Dev.Opera - Follow the standards, break the rulesDev.Opera - Follow the standards, break the rules

Login

Lost password?

Forums » Article Discussions

Discuss the articles posted on Dev.Opera.

Note: You need to login to post in the forums. if you don't have an account you first need to sign up.

By pavel.studeny anchor Thursday, 10. April 2008, 20:50:06

Indexing and searching in Opera - visited pages search

In this article, Pavel Studený lifts the lid off Opera Quick Find History Search, an exciting new Opera feature that allows you to search the full text of previously-visited pages.

( Read the article )

By FataL anchor Tuesday, 15. April 2008, 18:01:08

avatarI have a question regarding indexing algoritm...
Why Opera 9.5 doesn't include parts of URL in index?
For example, I very often read Desktop Team blog. It has word "desktopteam" as part of URL. When I type desktopteam inside address field I get no results. It's strange to have all page content indexed, but not URL...

Any comments on this issue?

By pavel.studeny anchor Wednesday, 23. April 2008, 15:40:40

avatarOnly domains are indexed from a URL. It might change.
Furthermore, some types of page, such as https, are not indexed to protect your privacy.

By kamalesh anchor Thursday, 24. April 2008, 00:25:46

avatarGreat article on another cool Opera innovation, Pavel. :smile:

Can you explain whether the results from Opera History Search should be identical as the sort order from the address bar? It appears that OHS returns by strictly relevance, while searching from the address bar sorts by relevance AND most recent. Am I seeing that correctly?

(This is in Build 4784, not sure if you'll further tweak this in subsequent builds.)

By FataL anchor Thursday, 24. April 2008, 18:41:47

avatar

Originally posted by pavel.studeny:

Only domains are indexed from a URL. It might change.

Would be great! :up: :wait:

Originally posted by pavel.studeny:

Furthermore, some types of page, such as https, are not indexed to protect your privacy.

That's fair, but I would make it depends on Cache HTTPS option (if I decided to cache HTTPS pages, why not allow to search them).

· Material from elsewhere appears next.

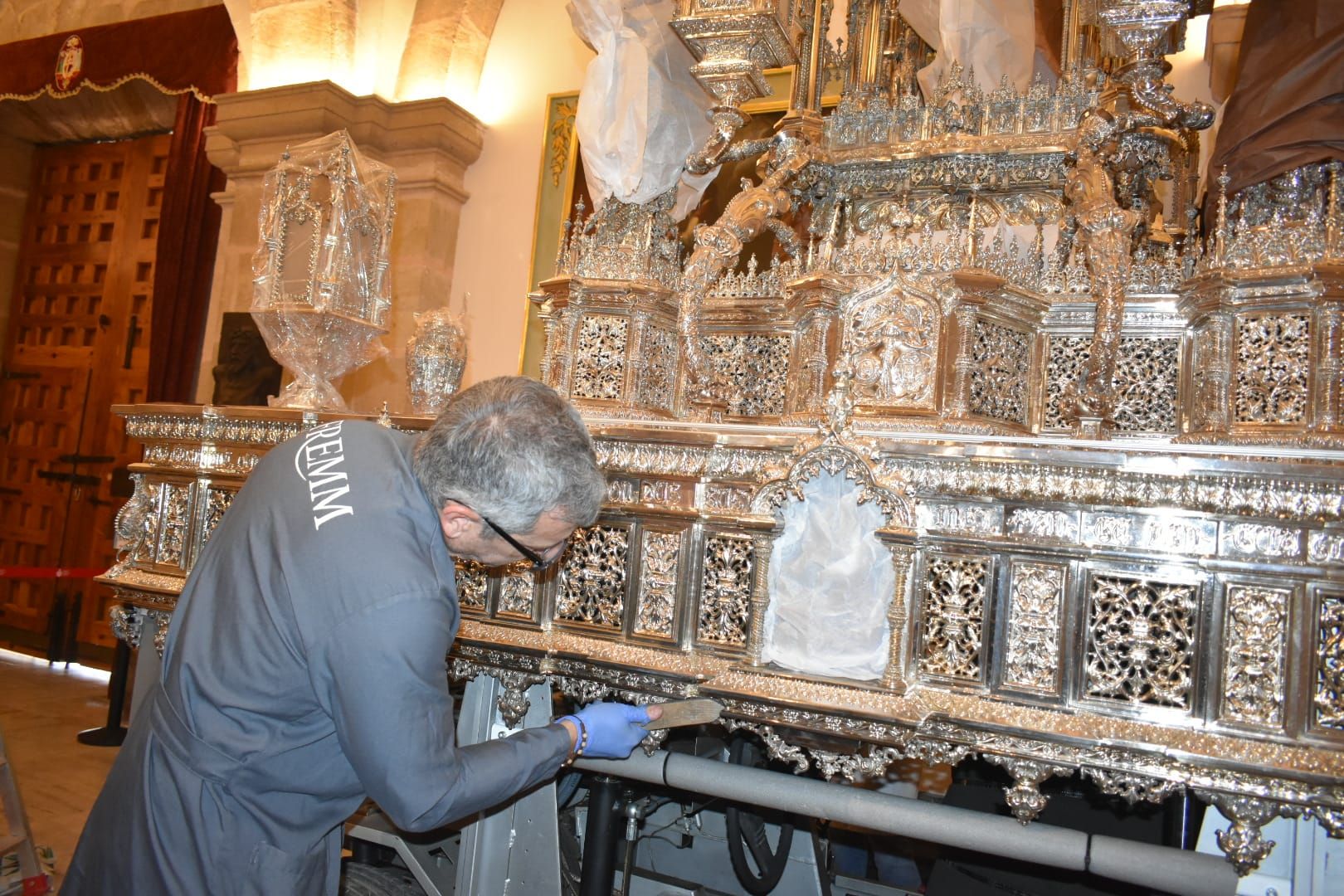 Alumnos de la FREMM limpian la Custodia Procesional de la Cruz de Caravaca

By olli O anchor Friday, 25. April 2008, 14:54:30

avatar"Furthermore, some types of page, such as https, are not indexed to protect your privacy."

IMO that is a stupid bug

By pavel.studeny anchor Tuesday, 27. May 2008, 15:35:40

avatarYes, the results can be sorted in a few different ways. It is sorted by relevance in opera:historysearch, while the address bar is tuned for the best performance, for case you typed too quickly.

By HaJotKEXBanned User anchor Tuesday, 27. May 2008, 15:57:50

avatar

Originally posted by olli:

IMO that is a stupid bug

Completely agreed... :D

At least worth an option in Preferences Editor (opera:config)!

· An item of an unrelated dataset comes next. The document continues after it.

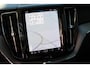 Volvo XC60 2.0 T6 Plug-in hybrid AWD Ultra Dark | Panoramadak | Dodehoek detectie | Trekhaak | 360 graden camera | Stoelverwarming voor- en achterin | Andriod Auto | Apple CarPlay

By Profnovice anchor Tuesday, 3. June 2008, 11:00:09

avatarI am, one question concerning indexation!!!
Whether it is possible to index all content of pages, without the name of url in content of pages?

By eestlane anchor Tuesday, 15. July 2008, 12:49:21

avatarA good article. However, I didn't read out how the rank of any word is calculated before it goes into the database?

I'm planning to develop something similar with php and mysql.

By gnpk anchor Tuesday, 23. September 2008, 19:05:51

avatarCan you explain a little bit on how the rank for a particular word is created. There might be words that might be skipped in the ranking (for example, a word like the in English). But then, that is very much language dependent. As mentioned in the post, there might be languages which might not have such grammatical elements (btw, I didn't know about the lack of spaces in Japanese and Arabic - thanks for that). So, how do you pick which words to be part of the inverted index.
Also, if you can explain how you pick words in non-English (specifically Asian languages) it will be very interesting to know.

Gangadhar

By jeremyhudson anchor Friday, 21. November 2008, 15:45:09

avatarA really useful new feature in the Opera browser, although it is still limited in the area of URL indexation as it was already pointed out above, such restrictions call for at least a more customizable preferences. Still, it's good to see that browser developers don't rest on their laurels.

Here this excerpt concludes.